An odd introduction to Texas wine, perhaps, but not one that any reasonable person would turn down on a hot Texas afternoon. It’s Pet-Nat; it’s screw-cap; it’s floral, funky, fresh, and fun. In other words, it’s unlikely-but-inevitable from a long-haired, bearded, former-music-biz guy, I suppose. Even your non-hipster friends will like it (just don’t tell them what it is at first).

2017 Spicewood Vineyards Sauvignon Blanc (Texas Hill Country, $20)

I’ll freely admit, I wasn’t expecting this, either. You would expect, given the region’s ample heat and sunshine, something more on the melon spectrum, and you’d be right. More unexpected are the notes of grass, minerality, pepper, and fresh vivacity, which this sports in abundance.

2016 Spicewood Vineyards “Tandem” Red (Texas, $28)

This blend changes every vintage, with the 2016 combining Syrah from Ft. Stockton, and Carignan from Bingham. Leather, spice, game, and juicy red fruits introduce things, with a tangy, perky, savoy, and juicy red fruit core bringing up the rear. Delicious, and incredibly tough to dislike. Even the at-first-too-cute label eventually grows on you.

2016 Spicewood Vineyards Syrah (Texas Hill Country, $30)

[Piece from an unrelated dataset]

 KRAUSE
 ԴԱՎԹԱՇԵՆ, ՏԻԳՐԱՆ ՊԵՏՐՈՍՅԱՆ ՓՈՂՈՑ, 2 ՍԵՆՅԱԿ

“I dig it,” Yates said about this supple, softer red. “I was told it wouldn’t work here.” Yates thankfully ignored that warning, and in 2010 planted the vines that would eventually produce this red-berry-filled, meaty, and spicy little number. Pepper, leather, and wood notes round things out on what amounts to a good date-night pick.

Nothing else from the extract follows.